Looking for signs of a trend, we turned to our website to produce our own statistics. We looked at the reported numbers for groups of browsers and platforms, going back over the past six months.
Sure enough, the IE figures have dropped by five per cent in the past six months, to 69 per cent. And Windows (every version from XP to 98) has dropped the same amount, also to 69 per cent.
Several factors will skew those figures. Many non-IE users identify themselves as IE on Windows, for example, since that combination is "required" by many websites. This is easily accomplished – browsers send a user-agent identifier to web servers, and more capable browsers offer the ability to change this. On the flip side, most search engines are identified as non-IE browsers, which will increase those figures.
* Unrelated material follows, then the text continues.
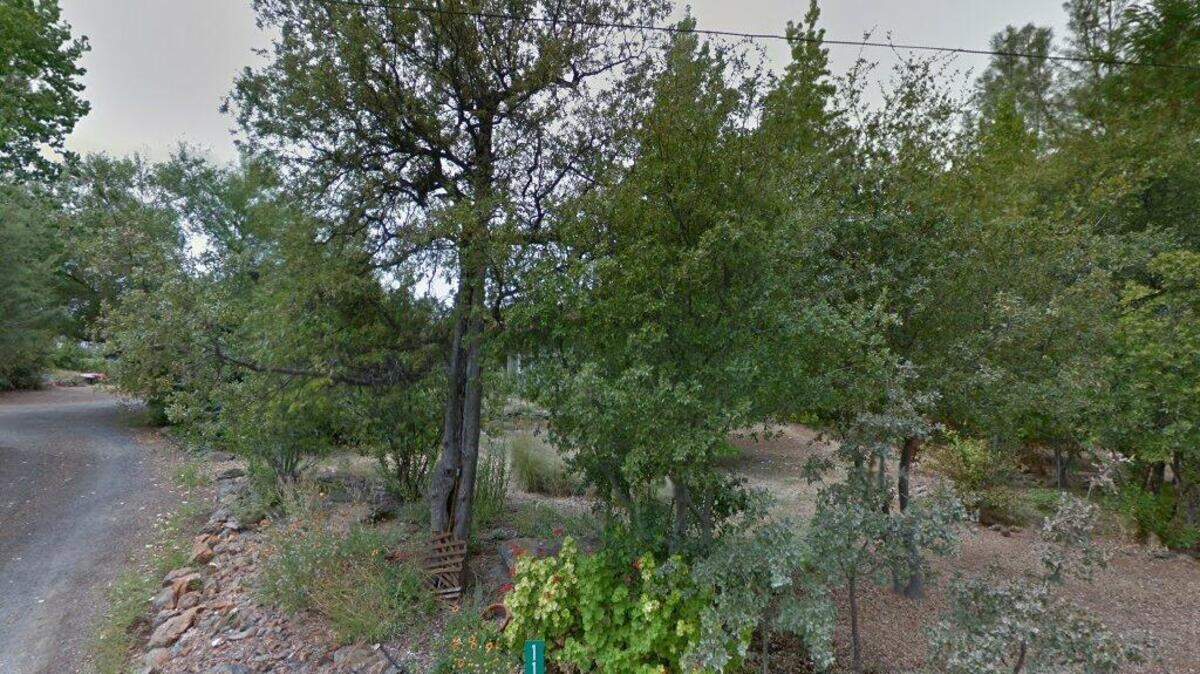 House on 10700 block of South Ponderosa Way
Nevertheless, the numbers are interesting. In the security space, it is not surprising to see a relatively high proportion using browsers other than IE, and Unix-oriented platforms. But Microsoft's share is still a lot lower than we would expect, by at least 10-15 per cent.
Out in the wider internet world, web server stats are changing less dramatically. Netcraft's August survey shows the trend of slow movement continuing, with Apache growing at others' expense (mainly IIS, but also Sun and Zeus servers), but the growth is only in fractions of a per cent each month. Apache is now sitting at 67.47 per cent market share, according to Netcraft.
Isolated security concerns are unlikely to impact Microsoft's market share much. XP Service Pack 2 is expected to address many security problems in the near term, and the company is working hard on its tarnished security reputation across the board. Meanwhile, competitors are growing in their audacity. The Mozilla Foundation has announced a bounty of $500 to anyone who discovers a severe security flaw in its flagship browser.